Dalam aturan penanganan perkara oleh PPNS, jelasnya, Korwas PPNS Polda NTB selalu dilibatkan. Selain koordinasi dan asistensi, Korwas PPNS Polda NTB tentunya mengetahui kepastian hukum dari sebuah penanganan perkara.
"Untuk setiap penanganan perkara oleh PPNS itu pastinya kita di sini tahu, karena itu bagian dari fungsi kita," ucapnya.
Hal senada turut disampaikan Kejari Mataram Ketut Sumadana yang mengatakan bahwa SPDP untuk kasus dua WNA tersebut tidak pernah masuk ke kantornya.
"Untuk kasus dua WNA ini, sampai sekarang kita tidak pernah terima SPDP-nya, tiba-tiba sudah muncul berita penangkapan," kata Sumadana.
Pernyataan tambahan muncul dari keterangan Ainudin, Kuasa Hukum dua WNA yang turut diperiksa penyidik KPK sebagai saksi. Ketika ditemui Antara di jam istirahat pemeriksaannya di lantai dua Gedung Ditreskrimsus Polda NTB, Ainudin mengaku hanya beberapa kali mendampingi kliennya menghadap imigrasi.
"Selama saya dampingi, tidak pernah saya lihat SPDP, hanya diberitahukan secara lisan saja, hak-hak klien saya selama berada di Indonesia juga tidak diberitahukan," kata Ainudin.
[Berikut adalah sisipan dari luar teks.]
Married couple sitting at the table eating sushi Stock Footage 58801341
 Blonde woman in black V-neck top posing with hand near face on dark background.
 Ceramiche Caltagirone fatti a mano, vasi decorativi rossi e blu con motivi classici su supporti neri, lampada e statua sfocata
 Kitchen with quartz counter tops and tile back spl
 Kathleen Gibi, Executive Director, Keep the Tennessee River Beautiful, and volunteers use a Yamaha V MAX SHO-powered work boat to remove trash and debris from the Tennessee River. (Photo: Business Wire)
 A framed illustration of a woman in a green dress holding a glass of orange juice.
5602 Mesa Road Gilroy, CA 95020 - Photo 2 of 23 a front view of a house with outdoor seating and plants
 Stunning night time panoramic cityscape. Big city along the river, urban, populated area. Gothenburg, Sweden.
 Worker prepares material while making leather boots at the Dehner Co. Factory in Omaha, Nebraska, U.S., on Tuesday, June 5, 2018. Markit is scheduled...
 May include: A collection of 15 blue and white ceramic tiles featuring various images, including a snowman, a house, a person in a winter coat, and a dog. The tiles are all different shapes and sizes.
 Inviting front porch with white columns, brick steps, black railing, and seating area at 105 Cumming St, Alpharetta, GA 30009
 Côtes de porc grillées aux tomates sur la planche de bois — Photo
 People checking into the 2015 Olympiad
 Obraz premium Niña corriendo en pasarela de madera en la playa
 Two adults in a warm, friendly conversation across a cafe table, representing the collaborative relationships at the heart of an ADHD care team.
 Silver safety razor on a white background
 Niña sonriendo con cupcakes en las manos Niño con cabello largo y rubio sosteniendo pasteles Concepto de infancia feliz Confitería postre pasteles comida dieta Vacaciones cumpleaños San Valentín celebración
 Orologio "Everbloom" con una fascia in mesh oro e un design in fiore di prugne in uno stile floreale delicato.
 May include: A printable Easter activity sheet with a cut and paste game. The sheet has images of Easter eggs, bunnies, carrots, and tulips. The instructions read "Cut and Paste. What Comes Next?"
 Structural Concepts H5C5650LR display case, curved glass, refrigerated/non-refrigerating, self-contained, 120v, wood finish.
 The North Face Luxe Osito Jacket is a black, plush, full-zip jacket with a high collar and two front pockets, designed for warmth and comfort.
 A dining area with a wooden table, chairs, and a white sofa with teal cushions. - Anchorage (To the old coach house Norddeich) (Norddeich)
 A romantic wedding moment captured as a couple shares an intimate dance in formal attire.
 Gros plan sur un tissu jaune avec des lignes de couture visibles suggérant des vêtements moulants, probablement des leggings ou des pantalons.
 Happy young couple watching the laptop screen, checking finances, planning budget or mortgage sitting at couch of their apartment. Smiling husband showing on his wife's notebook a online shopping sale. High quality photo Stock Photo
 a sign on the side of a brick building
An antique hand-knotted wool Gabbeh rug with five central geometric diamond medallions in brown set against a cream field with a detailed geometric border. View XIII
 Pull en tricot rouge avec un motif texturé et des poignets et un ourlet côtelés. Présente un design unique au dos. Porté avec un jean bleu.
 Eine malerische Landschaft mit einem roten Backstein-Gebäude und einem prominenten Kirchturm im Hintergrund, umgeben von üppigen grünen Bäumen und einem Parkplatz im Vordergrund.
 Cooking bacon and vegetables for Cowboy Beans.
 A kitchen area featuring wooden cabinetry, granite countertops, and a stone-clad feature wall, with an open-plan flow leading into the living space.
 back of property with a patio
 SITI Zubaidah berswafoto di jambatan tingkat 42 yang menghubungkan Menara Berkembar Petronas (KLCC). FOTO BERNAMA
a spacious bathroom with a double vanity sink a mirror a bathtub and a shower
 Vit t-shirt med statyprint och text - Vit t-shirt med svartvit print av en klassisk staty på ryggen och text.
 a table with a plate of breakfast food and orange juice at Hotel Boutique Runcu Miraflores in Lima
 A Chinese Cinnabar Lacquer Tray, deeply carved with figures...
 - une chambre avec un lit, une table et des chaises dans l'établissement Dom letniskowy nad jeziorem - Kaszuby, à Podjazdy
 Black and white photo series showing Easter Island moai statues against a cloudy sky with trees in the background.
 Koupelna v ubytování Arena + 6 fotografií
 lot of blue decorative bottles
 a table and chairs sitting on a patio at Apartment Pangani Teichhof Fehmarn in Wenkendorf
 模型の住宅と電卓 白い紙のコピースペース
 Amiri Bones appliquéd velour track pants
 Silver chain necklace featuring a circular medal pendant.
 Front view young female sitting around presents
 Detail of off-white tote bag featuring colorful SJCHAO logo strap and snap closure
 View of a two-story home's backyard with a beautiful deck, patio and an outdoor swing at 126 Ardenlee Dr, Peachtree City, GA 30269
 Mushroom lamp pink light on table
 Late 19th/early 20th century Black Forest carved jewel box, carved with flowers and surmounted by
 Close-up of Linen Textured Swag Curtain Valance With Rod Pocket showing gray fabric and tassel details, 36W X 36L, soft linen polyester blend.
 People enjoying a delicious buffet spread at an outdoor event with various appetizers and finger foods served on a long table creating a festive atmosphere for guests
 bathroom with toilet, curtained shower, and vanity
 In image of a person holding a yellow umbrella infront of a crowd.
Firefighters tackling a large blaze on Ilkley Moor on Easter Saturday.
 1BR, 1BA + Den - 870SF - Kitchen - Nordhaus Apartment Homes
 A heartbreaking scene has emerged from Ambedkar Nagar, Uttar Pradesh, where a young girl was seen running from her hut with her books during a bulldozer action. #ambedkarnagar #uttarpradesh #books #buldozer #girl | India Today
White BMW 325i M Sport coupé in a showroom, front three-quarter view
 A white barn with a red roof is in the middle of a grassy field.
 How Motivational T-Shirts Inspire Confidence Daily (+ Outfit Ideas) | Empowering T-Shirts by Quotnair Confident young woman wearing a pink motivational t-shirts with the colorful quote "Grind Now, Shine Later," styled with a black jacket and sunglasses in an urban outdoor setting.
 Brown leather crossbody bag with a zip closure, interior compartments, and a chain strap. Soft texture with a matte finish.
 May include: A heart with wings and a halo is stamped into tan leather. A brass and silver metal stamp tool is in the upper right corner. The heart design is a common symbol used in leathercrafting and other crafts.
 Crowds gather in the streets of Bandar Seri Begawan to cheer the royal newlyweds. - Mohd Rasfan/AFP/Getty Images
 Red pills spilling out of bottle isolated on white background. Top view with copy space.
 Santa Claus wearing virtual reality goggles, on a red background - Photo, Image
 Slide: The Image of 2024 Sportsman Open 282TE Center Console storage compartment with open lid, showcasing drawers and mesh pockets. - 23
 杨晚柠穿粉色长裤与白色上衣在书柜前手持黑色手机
Meskipun secara resmi Ainudin berperan sebagai kuasa hukum keduanya, namun dia mengaku banyak tidak mengetahui progres penanganan perkara kliennya hingga menimbulkan persoalan suap tersebut.
Karena itu, dia pun menduga pihak imigrasi kerap bertemu dengan kedua kliennya dan manajemen Wyndham Sundancer Lombok Resort secara langsung, tanpa sepengetahuannya sebagai kuasa hukum.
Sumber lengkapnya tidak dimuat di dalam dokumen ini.